(Saved entries)
· · ·
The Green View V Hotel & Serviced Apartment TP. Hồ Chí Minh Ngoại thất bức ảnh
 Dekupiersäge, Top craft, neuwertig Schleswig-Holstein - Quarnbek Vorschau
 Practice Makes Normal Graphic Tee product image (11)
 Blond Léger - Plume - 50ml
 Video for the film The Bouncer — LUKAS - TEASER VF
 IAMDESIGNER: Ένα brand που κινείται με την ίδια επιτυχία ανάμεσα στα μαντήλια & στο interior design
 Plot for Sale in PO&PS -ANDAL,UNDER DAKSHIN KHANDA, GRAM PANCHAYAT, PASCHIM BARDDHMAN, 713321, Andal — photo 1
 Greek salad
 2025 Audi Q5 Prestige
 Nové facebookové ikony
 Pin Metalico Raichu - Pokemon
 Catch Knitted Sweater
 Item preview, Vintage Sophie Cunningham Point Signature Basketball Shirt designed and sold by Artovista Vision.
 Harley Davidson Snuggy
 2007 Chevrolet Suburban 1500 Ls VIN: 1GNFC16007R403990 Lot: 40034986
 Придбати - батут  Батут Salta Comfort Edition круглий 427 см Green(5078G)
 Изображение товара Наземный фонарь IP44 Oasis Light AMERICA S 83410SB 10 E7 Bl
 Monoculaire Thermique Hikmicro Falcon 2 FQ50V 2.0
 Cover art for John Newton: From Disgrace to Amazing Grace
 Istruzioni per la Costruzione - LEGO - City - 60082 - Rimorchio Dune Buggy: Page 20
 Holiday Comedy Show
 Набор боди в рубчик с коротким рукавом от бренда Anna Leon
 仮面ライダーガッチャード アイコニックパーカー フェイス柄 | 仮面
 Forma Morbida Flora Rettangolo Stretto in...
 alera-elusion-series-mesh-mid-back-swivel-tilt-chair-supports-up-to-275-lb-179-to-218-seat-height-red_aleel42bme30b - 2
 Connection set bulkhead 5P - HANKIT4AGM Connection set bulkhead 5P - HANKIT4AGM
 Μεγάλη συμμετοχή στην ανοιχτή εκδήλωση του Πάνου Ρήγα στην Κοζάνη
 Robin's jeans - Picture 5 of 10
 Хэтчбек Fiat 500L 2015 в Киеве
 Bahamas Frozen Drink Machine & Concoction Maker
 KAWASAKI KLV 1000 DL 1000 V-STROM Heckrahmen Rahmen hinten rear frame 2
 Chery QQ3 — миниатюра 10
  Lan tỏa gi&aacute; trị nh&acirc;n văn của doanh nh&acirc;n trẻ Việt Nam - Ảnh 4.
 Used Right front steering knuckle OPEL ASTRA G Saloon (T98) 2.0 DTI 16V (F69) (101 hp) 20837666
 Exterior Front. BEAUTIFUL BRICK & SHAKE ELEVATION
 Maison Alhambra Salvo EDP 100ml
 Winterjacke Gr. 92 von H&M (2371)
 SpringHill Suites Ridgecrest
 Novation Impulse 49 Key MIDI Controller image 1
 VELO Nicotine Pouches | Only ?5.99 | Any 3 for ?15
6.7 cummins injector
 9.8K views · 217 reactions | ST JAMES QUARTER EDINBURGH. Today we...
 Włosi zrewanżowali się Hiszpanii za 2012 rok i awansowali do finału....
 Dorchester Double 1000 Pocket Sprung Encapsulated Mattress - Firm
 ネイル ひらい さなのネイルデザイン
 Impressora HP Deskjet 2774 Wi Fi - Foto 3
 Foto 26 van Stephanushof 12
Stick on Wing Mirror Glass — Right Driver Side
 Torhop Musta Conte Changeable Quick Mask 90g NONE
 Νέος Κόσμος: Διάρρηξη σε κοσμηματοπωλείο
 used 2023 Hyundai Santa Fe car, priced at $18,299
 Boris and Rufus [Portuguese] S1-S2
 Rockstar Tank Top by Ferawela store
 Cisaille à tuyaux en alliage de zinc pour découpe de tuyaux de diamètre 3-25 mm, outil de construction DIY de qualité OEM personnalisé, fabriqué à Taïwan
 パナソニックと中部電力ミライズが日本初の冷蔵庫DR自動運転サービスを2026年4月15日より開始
· · ·
DIRECTIONS: Could you restate, word for word, the lines above from the one with "Cover art for" to the one with "Włosi zrewanżowali się", both included?

ANSWER TO THIS TASK:
 Cover art for John Newton: From Disgrace to Amazing Grace
 Istruzioni per la Costruzione - LEGO - City - 60082 - Rimorchio Dune Buggy: Page 20
 Holiday Comedy Show
 Набор боди в рубчик с коротким рукавом от бренда Anna Leon
 仮面ライダーガッチャード アイコニックパーカー フェイス柄 | 仮面
 Forma Morbida Flora Rettangolo Stretto in...
 alera-elusion-series-mesh-mid-back-swivel-tilt-chair-supports-up-to-275-lb-179-to-218-seat-height-red_aleel42bme30b - 2
 Connection set bulkhead 5P - HANKIT4AGM Connection set bulkhead 5P - HANKIT4AGM
 Μεγάλη συμμετοχή στην ανοιχτή εκδήλωση του Πάνου Ρήγα στην Κοζάνη
 Robin's jeans - Picture 5 of 10
 Хэтчбек Fiat 500L 2015 в Киеве
 Bahamas Frozen Drink Machine & Concoction Maker
 KAWASAKI KLV 1000 DL 1000 V-STROM Heckrahmen Rahmen hinten rear frame 2
 Chery QQ3 — миниатюра 10
  Lan tỏa gi&aacute; trị nh&acirc;n văn của doanh nh&acirc;n trẻ Việt Nam - Ảnh 4.
 Used Right front steering knuckle OPEL ASTRA G Saloon (T98) 2.0 DTI 16V (F69) (101 hp) 20837666
 Exterior Front. BEAUTIFUL BRICK & SHAKE ELEVATION
 Maison Alhambra Salvo EDP 100ml
 Winterjacke Gr. 92 von H&M (2371)
 SpringHill Suites Ridgecrest
 Novation Impulse 49 Key MIDI Controller image 1
 VELO Nicotine Pouches | Only ?5.99 | Any 3 for ?15
6.7 cummins injector
 9.8K views · 217 reactions | ST JAMES QUARTER EDINBURGH. Today we...
 Włosi zrewanżowali się Hiszpanii za 2012 rok i awansowali do finału....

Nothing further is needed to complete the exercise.